The Compensation Committee of the Board of Directors approved the decision after a comprehensive review in conjunction with a company-wide effort to eliminate perquisites at all levels of the organization as part of a broader, ongoing cost-reduction initiative.
"We believe the perquisite elimination for executive officers is consistent with emerging best practices in corporate governance," said Chuck Raymond, Chairman, President and Chief Executive Officer. "In this ongoing challenging business environment, we as senior managers must continue to set new standards that support the organization as it strives for increased efficiencies and customer service excellence."
The eliminated perquisites include, but are not limited to, country club memberships, automobile allowances and tax "gross-up" payments made to reimburse an executive officer for individual income tax incurred with respect to a perquisite.
In addition to Mr. Raymond, executive officers for whom perquisites have been eliminated are: Senior Vice President and Chief Financial Officer Michael T. Avara; Horizon Lines, LLC President and Chief Operating Officer John V. Keenan; and Horizon Logistics Holdings, LLC President and Chief Operating Officer Brian W. Taylor. The four officers will receive base salary increases, effective January 1, 2010, to partially adjust for the elimination of the perquisites. However, no adjustment will be made for elimination of tax "gross-up" payments.

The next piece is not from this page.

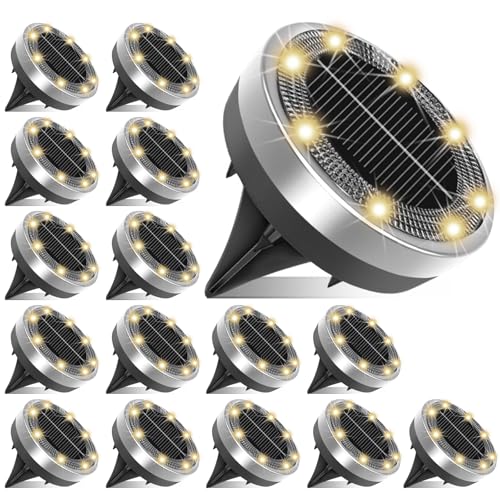 Klein Solar Bodenleuchten Aussen, 16 Stück 8 LEDs Solarleuchten für Außen, Solarlampen für Außen, Led Solar Gartenleuchten, Warmweiß, IP65 Wasserdicht, Edelstahl,Geeignet für Rasen, Gehweg, Terrasse von Ayciep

Separately, the company announced that James W. Down has voluntarily resigned from the company's nine-member Board of Directors, effective December 14, 2009.
Mr. Down served as a director of Horizon Lines since November 2006 and was the chairman of the Board's compensation committee. Mr. Down's decision to resign from the Board was based on his desire to pursue new business opportunities in the transportation sector, and did not result from any disagreement with the company on any matters relating to company operations, policies or practices.
"Jim was a great asset to our Board of Directors and we will miss his wise counsel and extensive expertise," Mr. Raymond said. "We wish Jim all the best in his future endeavors."
Mr. Down stated: "It has been a privilege to serve on the board. I will very much miss being part of the Horizon Lines team, but look forward to following the progress of the company."
The Board has named director James Cameron as the new Compensation Committee Chairman. It plans to fill the Board seat vacancy left by Mr. Down and currently is conducting a search.
About Horizon Lines
Horizon Lines, Inc. is the nation's leading domestic ocean shipping and integrated logistics company comprised of two primary operating subsidiaries. Horizon Lines, LLC, owns or leases a fleet of 20 U.S.-flag containerships and operates five port terminals linking the continental United States with Alaska, Hawaii, Guam, Micronesia and Puerto Rico. Horizon Logistics, LLC, offers customized logistics solutions to shippers from a suite of transportation and distribution management services, using information technology developed by Horizon Services Group and intermodal trucking and warehousing services provided by Sea-Logix. Transportation offerings include international ocean intermediary services and North American LTL and trucking networks. Horizon Lines, Inc. is based in Charlotte, NC, and trades on the New York Stock Exchange under the ticker symbol HRZ.
SOURCE Horizon Lines, Inc.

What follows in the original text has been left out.